Sa (courte) nuit de sommeil n'a pas changé l'opinion de Stéphan Larouche sur la performance exceptionnelle de son protégé Lucian Bute, vendredi soir au Centre Bell. Sa victoire par knock-out technique sur Fulgencio Zuniga, au quatrième round, occupera une place de choix dans le palmarès du champion IBF des super moyens.

«Lucian a livré une des belles performances de sa carrière, dit Larouche. Il a maîtrisé tous les aspects du combat. On espérait qu'il soit trop rapide pour Zuniga; c'est ce qui s'est passé. Ça faisait longtemps qu'il n'avait pas terminé un combat aussi tôt, qu'il avait dominé autant. Il a pu faire plaisir à ses fans.»

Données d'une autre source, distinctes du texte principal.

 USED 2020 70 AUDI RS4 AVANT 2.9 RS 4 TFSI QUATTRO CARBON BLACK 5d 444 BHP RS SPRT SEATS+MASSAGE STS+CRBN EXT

Le ring du Centre Bell était à peine démonté que déjà, certains observateurs mettaient en doute la qualité de l'adversaire de Bute. Comme si les lacunes du Colombien diminuaient la valeur de la victoire (la destruction serait plus juste) du Québécois d'origine roumaine.

Une perception normale, estime l'entraîneur de Bute. «Malheureusement, quand un boxeur domine un combat, les gens ont l'impression que son adversaire n'était pas assez fort pour lui. La vérité, c'est que ce n'est pas Zuniga qui était trop faible, mais Lucian qui était trop fort. J'en ai déjà parlé, mais son sens inné des distances fait mal paraître ses rivaux. Les autres boxeurs ont l'air plus faibles, ils frappent dans le vide. Bute met leurs faiblesses en évidence. C'est un avantage difficile à contrer, surtout pour un adversaire qui a peu de vitesse, comme Zuniga.»

«Chose certaine, personne, incluant Kelly Pavlik, Daniel Santos ou Denis Inkin, n'a donné une raclée à Zuniga comme Lucian l'a fait.»

Stéphan Larouche a célébré modestement la victoire de son boxeur: un tour à la Cage aux Sports, un souper... Et Bute? «Je ne sais pas, il est allé manger avec sa gang de la Roumanie.»

Pour les prochaines semaines, Bute pourra manger ce qu'il souhaite, sans trop se soucier de faire grimper la balance au-delà des 168 livres. Il est en congé... possiblement jusqu'en juin. «Le prochain combat sera une défense optionnelle de sa ceinture ou un combat d'unification, explique Larouche. Notre date butoir pour une défense optionnelle est le 19 mai, mais nous allons faire une demande à l'IBF pour repousser cette date.» La défense obligatoire, possiblement contre Librado Andrade si ce dernier bat Vitali Tsypko le 4 avril au Centre Bell, sera présentée à l'automne.

Sitôt le combat terminé, le téléphone s'est mis à sonner chez Interbox. «Les gens de Showtime ont mis la main sur Jermain Taylor, qui était avant chez HBO. Ils aimeraient beaucoup le voir affronter Lucian. Seulement, il se bat contre Carl Froch le 25 avril. Il faudrait d'abord qu'il gagne, puis qu'on attende trois ou quatre mois... On perdrait le contrôle de notre calendrier, ce qu'on n'aime pas trop. Mais on va écouter toutes les offres.»

«L'important pour Lucian est de faire des statements. Pour grimper dans l'élite, tu dois te battre contre les meilleurs; pas seulement dans ta ville. Il n'y a pas d'autre chemin possible.»

Reste qu'une belle histoire d'amour est en train de s'écrire entre Bute et sa ville, sa province d'adoption. «Vendredi soir, on a vu que les gens ont acheté des billets pour voir Lucian. Ils achètent le boxeur, pas le combat et c'est beau à voir. Il y a très peu de boxeurs dans le monde qui ont cette chance: Oscar de la Hoya, Ricky Hatton... Même Miguel Cotto a vendu moins de billets que Lucian pour son combat au Madison Square Garden à New York en février! Zuniga est un boxeur peu connu et les spectateurs sont venus. Ça prouve à quel point Lucian est aimé du public.»

Et, ça ne nuit pas quand vient le temps de négocier pour attirer un combat au Québec, conclut Larouche.